Their names are as eclectic as the extensive list of musical styles and performers they cover: Selah, Clarah, Havilah and Tabithah. The foursome from Fullerton form the Darden Sisters Band, and it might be a good idea to check them out now, because if they have anything to say about it—and if there is any justice on this spinning rock—they’ll be playing well outside of Orange County for years to come.

“They talk about it all the time, that in 20 years, they’ll be performing and having a serious recording career,” says their manager, Annice Parker, a veteran Hollywood producer and former employee of Gallin Morey and Associates, a management company that represented such well-known clients as Michael Jackson, Elton John and Dolly Parton.”They are singers, musicians and very prolific songwriters who are doing something special that is something you don’t hear every day on the radio.”

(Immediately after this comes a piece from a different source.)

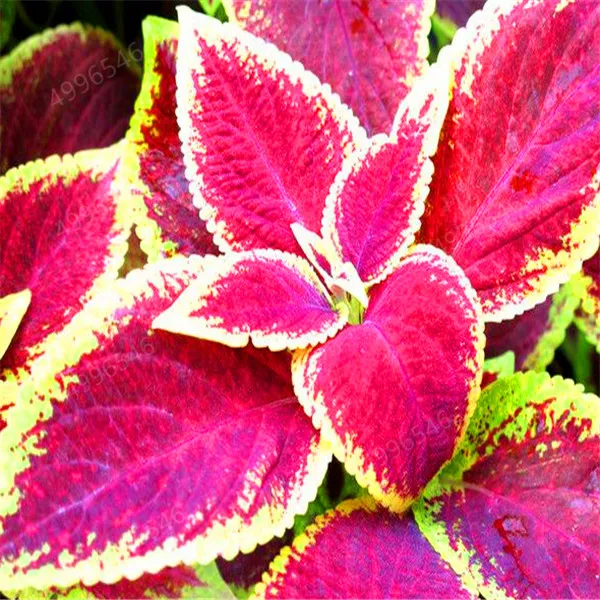 QQ图片20190412152652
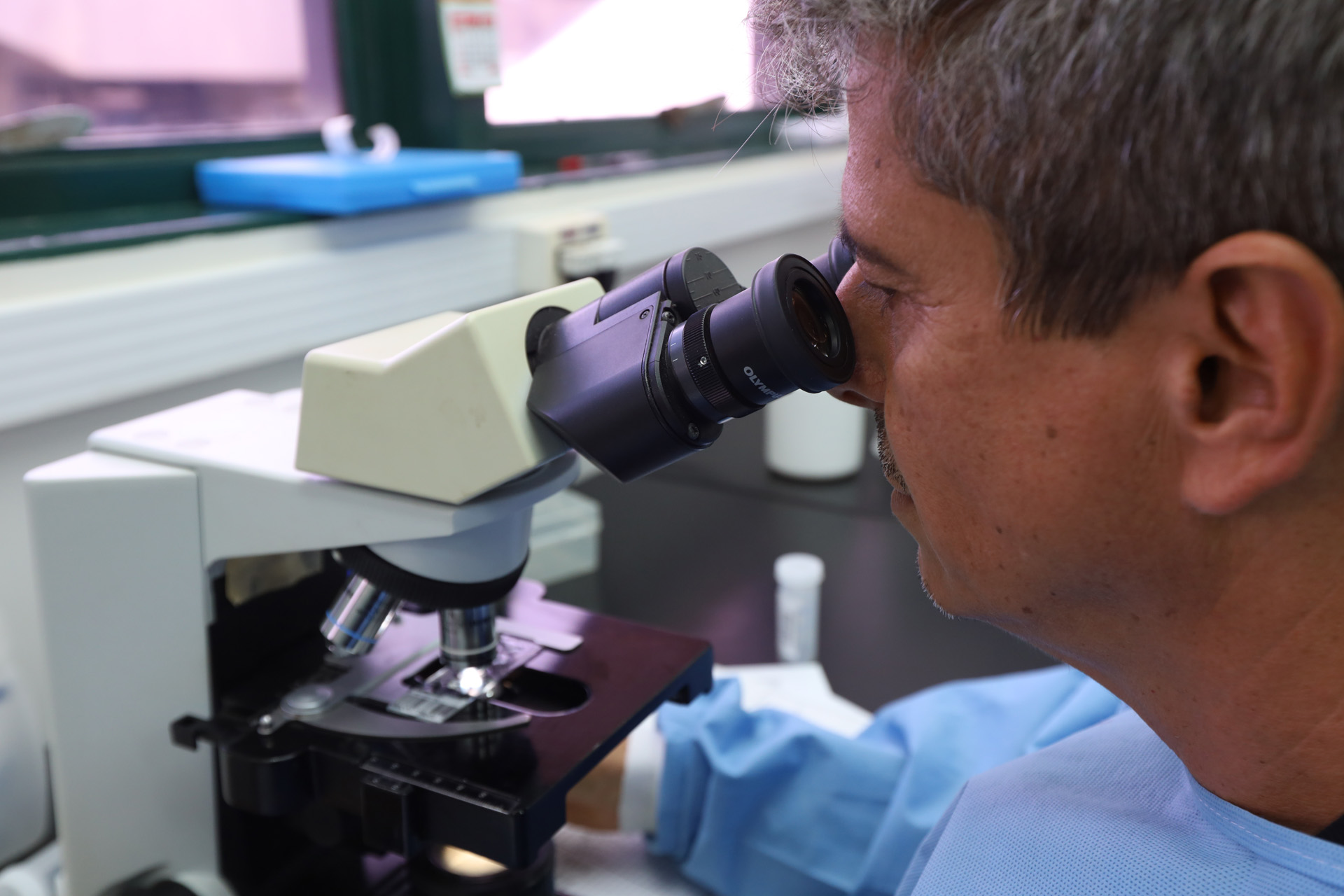 Capa da notícia: Lacen-DF adquire insumos para maior precisão nos diagnósticos de Chagas e sífilis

The Dardens range in age from 16 to 21 and have performed as a unit for about eight years. The sisters trade off singing duties and play multiple instruments, ranging from guitar and upright bass to violin, ukulele, harmonica, even the accordion and banjo. Whether they’re creating a barnstorming Americana string-band anthem or a slow-burning emotional ballad, the band’s harmonic splendor and polished licks are an instant crowd favorite. They’ve proven they can translate pop hits from a numerous decades, from the Creedence Clearwater Revival classic “Have You Ever Seen the Rain” to Jason Mraz’s breezy mid-aughts smash “I’m Yours.”

In the past couple of years, they have been frequently sighted in and around Fullerton, playing biweekly at the Back Alley Bar and Grill and monthly at Bourbon Street and Joe’s, as well as at Campus JAX in Newport Beach and the Packing House in Anaheim. But those are free gigs, where the quartet display their multi-instrumental prowess, lush harmonies and mostly re-arranged covers of songs ranging from 1940s standards to contemporary pop hits.

Their first headlining gig took place recently to a sold out crowd at the Muckenthaler Cultural Center in Fullerton. And rather than a bar gig, where they often take requests from the audience, this was a structured show, with several musicians sitting in with them, including their grandfather, Joe Tatar, an Orange County institution who has performed a piano-based show of songs spanning from the 1920s to 1970s for years. (To continue the family connection, Tatar’s sons, the sisters’ uncles Eddie and Joey Tatar, have been part of OC punk stalwart D.I. since the early 2000s.)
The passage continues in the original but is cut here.